Records excerpted from a collection
○ ○ ○ ○
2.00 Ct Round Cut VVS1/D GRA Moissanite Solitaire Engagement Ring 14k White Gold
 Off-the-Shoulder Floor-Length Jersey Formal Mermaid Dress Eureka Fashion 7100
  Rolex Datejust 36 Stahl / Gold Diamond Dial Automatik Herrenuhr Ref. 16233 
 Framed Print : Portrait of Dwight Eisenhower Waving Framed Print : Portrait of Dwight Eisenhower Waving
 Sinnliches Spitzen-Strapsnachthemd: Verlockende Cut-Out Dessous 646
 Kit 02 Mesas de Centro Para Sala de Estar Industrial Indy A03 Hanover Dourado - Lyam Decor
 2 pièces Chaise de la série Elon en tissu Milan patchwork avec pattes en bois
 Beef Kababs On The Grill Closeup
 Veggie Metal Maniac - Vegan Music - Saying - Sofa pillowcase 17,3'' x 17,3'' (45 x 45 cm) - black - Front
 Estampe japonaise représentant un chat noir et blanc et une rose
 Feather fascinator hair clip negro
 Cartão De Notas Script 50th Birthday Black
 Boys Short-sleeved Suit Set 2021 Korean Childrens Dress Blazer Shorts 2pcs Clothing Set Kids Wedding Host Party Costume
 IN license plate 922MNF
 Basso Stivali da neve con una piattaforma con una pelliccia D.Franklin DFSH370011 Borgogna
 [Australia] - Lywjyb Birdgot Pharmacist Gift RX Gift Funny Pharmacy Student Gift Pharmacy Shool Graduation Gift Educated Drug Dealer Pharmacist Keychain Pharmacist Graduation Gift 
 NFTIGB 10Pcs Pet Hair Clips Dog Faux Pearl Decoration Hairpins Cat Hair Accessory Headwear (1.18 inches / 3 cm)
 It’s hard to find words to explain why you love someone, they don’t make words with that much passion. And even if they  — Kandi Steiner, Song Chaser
○ ○ ○ ○
■ **WHAT THE TASK REQUIRES**
Above are the lines; repeat exactly the ones from the line containing "Boys Short-sleeved Suit" down to the line containing "[Australia] - Lywjyb", both inclusive.

■ **ANSWER SECTION**
 Boys Short-sleeved Suit Set 2021 Korean Childrens Dress Blazer Shorts 2pcs Clothing Set Kids Wedding Host Party Costume
 IN license plate 922MNF
 Basso Stivali da neve con una piattaforma con una pelliccia D.Franklin DFSH370011 Borgogna
 [Australia] - Lywjyb Birdgot Pharmacist Gift RX Gift Funny Pharmacy Student Gift Pharmacy Shool Graduation Gift Educated Drug Dealer Pharmacist Keychain Pharmacist Graduation Gift 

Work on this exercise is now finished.